| xval-methods {MLInterfaces} | R Documentation |
support for cross-validatory machine learning with ExpressionSets
xval( data, classLab, proc, xvalMethod, group, indFun, niter, fsFun=NULL, fsNum=NULL, decreasing=TRUE, cluster=NULL, ... ) balKfold(K) xvalML( formula, data, proc, xvalMethod="LOO", group, indFun, niter, fsFun=NULL, fsNum=10, decreasing=TRUE, cluster=NULL, ... )
data |
instance of class ExpressionSet |
formula |
a model formula, typically with a dot on the RHS,
and response variable chosen from pData columns. |
classLab |
character string identifying phenoData variable to label classifications |
proc |
an MLInterfaces method that returns an instance of
"classifOutput" |
xvalMethod |
character string identifying cross-validation procedure to use: default is "LOO" (leave one out), alternatives are "LOG" (leave group out) and "FUN" (user-supplied partition extraction function, see Details below) |
group |
a vector (length equal to number of samples) enumerating groups for LOG xval method |
indFun |
a function that returns a set of indices to be saved as a test set;
this function must have parameters data, clab, iternum; see
Details |
niter |
number of iterations for user-specified partition function to be run |
fsFun |
function computing ranks of features for feature selection |
fsNum |
number of features to be kept for learning in each iteration |
decreasing |
logical, should be TRUE if fsFun provides high scores for high-performing features
(e.g., is absolute value of a test statistics) and false if it provides low scores
for high-performing features (e.g., p-value of a test). |
cluster |
NULL or an S4-class object with a defined
xvalLoop method. Use this to execute xval on
several nodes in a computer cluster. See documentation for
xvalLoop for more information |
... |
arguments passed to the MLInterfaces generic proc |
K |
number of partitions to be used if balKfold is used as indFun |
For fixed feature sets (fsFun not specified),
a vector or matrix with length equal to the number of cross-validation
assignments. Each element contains the label resulting from the
cross-validation.
For dynamic feature sets (fsFun specified), a list with element
out containing labels from cross-validations, and element
fs.memory recording features used in each cross-validation.

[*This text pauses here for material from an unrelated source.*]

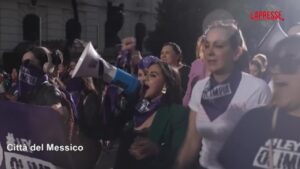 America Latina, migliaia di donne in corteo contro la violenza di genere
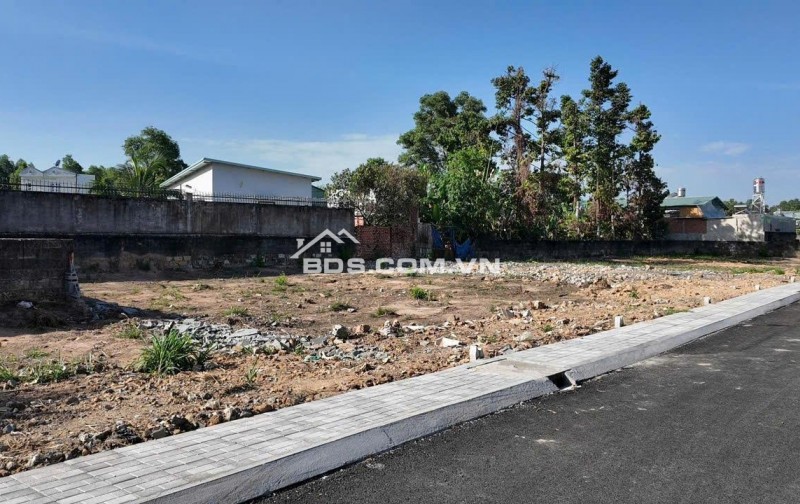 Đất nền - Full sổ thổ cư - Mặt tiền - Nở hậu - Hẻm xe hơi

NB: This is now regarded as a legacy approach. See MLearn for
an approach in which the cross-validation specification is a parameter to MLearn.
If xvalMethod is "FUN", then indFun must be a function
with parameters data, clab, and iternum.
This function returns
indices that identify the training set for a given
cross-validation iteration passed as the value of iternum. An example
function is printed out when the example of this page is executed.
if fsFun is not NULL, then it must be a function with two
arguments: the first can be transformed to a feature matrix (rows are objects,
columns are features) and the second is a vector of class labels.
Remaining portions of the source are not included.